VAWA was passed with near-unanimous majorities in 2000 and 2010 because the effectiveness of the law has been astonishing. “From 1994 to 2010, the overall rate of intimate partner violence in the United States declined by 64 percent, from 9.8 victimizations per 1,000 persons age 12 or older to 3.6 per 1,000,” reports Shannan M. Catalano of the Bureau of Justice Statistics.

Some, including anti-feminist icon Phyllis Schlafly, argue that the law should be made gender-neutral, which negates the reality that 4 out of 5 victims of intimate partner violence are women. Focusing on protecting women has helped lower the instances of partner violence for both genders by 60 percent.

The myth that Super Bowl Sunday is an extraordinarily dangerous day for women was fostered to draw attention to domestic violence. But this Sunday is just another day when more there will be 24 instances of intimate partner violence every minute and three women will die at the hands of a partner.

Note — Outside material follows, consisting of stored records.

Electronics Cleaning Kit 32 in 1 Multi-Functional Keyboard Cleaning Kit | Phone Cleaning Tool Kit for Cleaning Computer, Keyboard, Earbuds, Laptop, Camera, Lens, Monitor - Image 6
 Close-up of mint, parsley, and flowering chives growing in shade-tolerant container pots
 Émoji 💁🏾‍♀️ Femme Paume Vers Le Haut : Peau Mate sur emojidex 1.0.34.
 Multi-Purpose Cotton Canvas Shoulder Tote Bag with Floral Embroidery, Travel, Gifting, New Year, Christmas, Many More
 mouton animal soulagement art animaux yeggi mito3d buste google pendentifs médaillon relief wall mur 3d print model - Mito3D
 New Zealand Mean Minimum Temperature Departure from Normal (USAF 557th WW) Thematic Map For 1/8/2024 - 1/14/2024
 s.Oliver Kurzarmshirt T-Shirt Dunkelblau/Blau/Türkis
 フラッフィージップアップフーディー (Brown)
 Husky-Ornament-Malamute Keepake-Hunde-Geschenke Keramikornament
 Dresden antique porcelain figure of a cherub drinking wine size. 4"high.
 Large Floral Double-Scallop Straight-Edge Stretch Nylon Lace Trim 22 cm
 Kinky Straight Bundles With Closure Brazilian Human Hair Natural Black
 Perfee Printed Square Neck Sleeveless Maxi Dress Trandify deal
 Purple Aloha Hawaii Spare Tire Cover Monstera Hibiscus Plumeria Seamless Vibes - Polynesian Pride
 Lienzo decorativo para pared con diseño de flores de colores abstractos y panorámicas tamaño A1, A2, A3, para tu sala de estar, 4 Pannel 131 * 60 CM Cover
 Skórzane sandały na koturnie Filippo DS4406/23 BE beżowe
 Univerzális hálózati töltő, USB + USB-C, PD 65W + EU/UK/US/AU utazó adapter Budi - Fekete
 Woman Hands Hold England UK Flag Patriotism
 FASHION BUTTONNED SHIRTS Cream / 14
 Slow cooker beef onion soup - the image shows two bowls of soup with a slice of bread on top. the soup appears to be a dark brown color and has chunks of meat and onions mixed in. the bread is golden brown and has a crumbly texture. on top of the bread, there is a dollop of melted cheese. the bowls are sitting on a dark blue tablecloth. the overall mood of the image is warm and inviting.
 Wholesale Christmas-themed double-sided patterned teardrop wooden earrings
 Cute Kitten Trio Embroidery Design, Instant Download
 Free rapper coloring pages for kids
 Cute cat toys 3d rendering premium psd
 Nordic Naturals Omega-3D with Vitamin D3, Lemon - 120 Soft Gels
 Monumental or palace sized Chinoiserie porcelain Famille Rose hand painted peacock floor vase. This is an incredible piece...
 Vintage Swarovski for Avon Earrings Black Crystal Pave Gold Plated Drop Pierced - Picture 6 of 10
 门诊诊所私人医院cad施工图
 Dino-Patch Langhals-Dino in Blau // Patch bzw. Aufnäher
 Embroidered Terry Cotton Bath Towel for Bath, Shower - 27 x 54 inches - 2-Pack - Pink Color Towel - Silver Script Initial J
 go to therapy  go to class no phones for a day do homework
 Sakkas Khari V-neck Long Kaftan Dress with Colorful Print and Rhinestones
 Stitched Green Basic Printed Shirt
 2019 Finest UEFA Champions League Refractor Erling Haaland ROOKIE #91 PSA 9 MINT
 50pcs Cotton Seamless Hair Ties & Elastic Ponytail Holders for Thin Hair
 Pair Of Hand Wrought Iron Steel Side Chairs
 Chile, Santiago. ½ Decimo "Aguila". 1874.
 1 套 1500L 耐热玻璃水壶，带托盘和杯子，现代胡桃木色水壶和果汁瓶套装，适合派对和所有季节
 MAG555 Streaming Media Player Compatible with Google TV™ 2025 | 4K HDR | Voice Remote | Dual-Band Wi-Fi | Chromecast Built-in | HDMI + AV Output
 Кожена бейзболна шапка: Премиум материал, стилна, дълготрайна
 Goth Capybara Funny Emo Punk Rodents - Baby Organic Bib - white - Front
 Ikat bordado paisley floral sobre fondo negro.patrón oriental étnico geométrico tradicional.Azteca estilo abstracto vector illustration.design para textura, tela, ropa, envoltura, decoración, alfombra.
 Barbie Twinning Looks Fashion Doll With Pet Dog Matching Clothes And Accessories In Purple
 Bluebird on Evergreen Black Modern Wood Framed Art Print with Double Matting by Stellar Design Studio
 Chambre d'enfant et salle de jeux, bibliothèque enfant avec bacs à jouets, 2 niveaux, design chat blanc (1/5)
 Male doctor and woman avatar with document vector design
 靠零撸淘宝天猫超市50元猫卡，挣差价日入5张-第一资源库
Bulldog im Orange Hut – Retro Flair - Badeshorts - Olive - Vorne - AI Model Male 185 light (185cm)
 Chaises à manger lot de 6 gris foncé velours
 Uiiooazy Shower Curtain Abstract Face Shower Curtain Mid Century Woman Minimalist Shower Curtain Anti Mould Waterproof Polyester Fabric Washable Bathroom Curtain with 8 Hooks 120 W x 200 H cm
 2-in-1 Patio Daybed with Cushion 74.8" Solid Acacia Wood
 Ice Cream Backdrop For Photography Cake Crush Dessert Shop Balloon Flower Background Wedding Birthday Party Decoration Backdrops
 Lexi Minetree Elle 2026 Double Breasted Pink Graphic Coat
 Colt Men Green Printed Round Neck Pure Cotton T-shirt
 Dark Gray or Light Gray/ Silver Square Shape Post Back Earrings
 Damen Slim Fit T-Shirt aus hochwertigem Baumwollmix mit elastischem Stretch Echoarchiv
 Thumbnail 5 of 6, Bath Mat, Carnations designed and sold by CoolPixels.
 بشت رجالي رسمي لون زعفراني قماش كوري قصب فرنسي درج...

And the Super Bowl game itself results in massive human trafficking of women forced to serve as sex slaves. “It’s commonly known as the single largest human trafficking incident in the United States,” said Texas attorney general Greg Abbott, in 2011. Tens of thousands of women are brought to area near where the big game is held and made to have sex with 25 to 50 men a day.

This happens every year.

What makes this Sunday exceptional is that it’s the first one in decades that a law that did so much to prevent this needless violence is no longer there to protect them.